General. The ESPP is intended to have two components: (i) the first component, or the 423 Component, is intended to qualify as an employee stock purchase plan under Section 423 of the U.S. Internal Revenue Code of 1986, as amended, or the Code; and (ii) the second component, or the Non-423 Component, under which the ESPP authorizes the grant of an option to purchase Shares that are not intended to qualify under Section 423 of the Code, pursuant to rules, procedures or sub-plans adopted by the Administrator that are generally designed to achieve tax, securities laws, or other objectives for eligible employees and the Company.

Purpose. The purpose of the ESPP is to provide employees of the Company and its designated subsidiaries with an opportunity to purchase Shares through accumulated contributions as permitted under the ESPP. The ESPP serves as an important tool for us in recruiting, retaining and motivating talented employees and aligns our employees’ interests with those of our stockholders by encouraging equity ownership among our employees.

Eligibility to Participate. In general, employees of Nutanix and any subsidiaries or affiliates that have been designed as eligible to participate in the ESPP who are customarily employed for at least 20 hours per week and more than five months in any calendar year by the applicable employer are eligible to participate in the ESPP. The Administrator may change the eligibility requirements consistent with the terms of the ESPP, but any such determination must be made before the start of the applicable offering period and, for each offering under the 423 Component, must be made on a uniform and nondiscriminatory basis. In the case of the Non-423 Component, eligible employees may be excluded from participation in the ESPP or an offering if the Administrator has determined that participation of such eligible employee is not advisable or practicable. As of the Record Date, approximately 5,498 employees are expected to be eligible to participate in the ESPP in the offering period that is scheduled to start on the first trading day on or after March 20, 2020.
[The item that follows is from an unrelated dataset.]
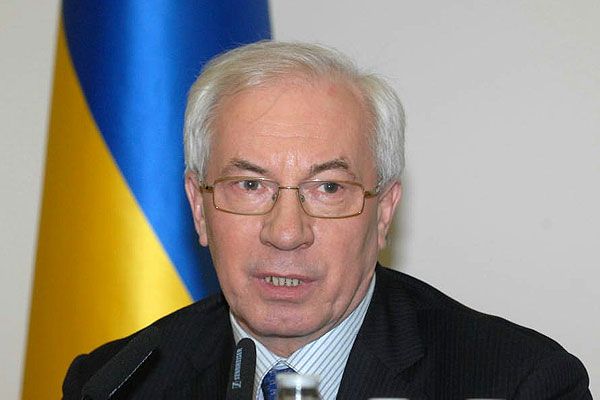 Микола Азаров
However, an employee is not eligible to participate in the ESPP if, immediately after the grant of an option, he or she would own capital stock of the Company or its parent or subsidiary and/or hold outstanding options to purchase such stock equal to 5% or more of the total combined voting power or value of all classes of the Company’s capital stock or the stock of any parent or subsidiary of the Company (including stock attributed to the applicable employee under Section 424(d) of the Code). In addition, an eligible employee’s right to buy Shares under the ESPP may not accrue at a rate exceeding USD $25,000 worth of Shares (determined based on the fair market value of such Shares at the beginning of the applicable offering period) per calendar year for each calendar year in which the offering period is in effect.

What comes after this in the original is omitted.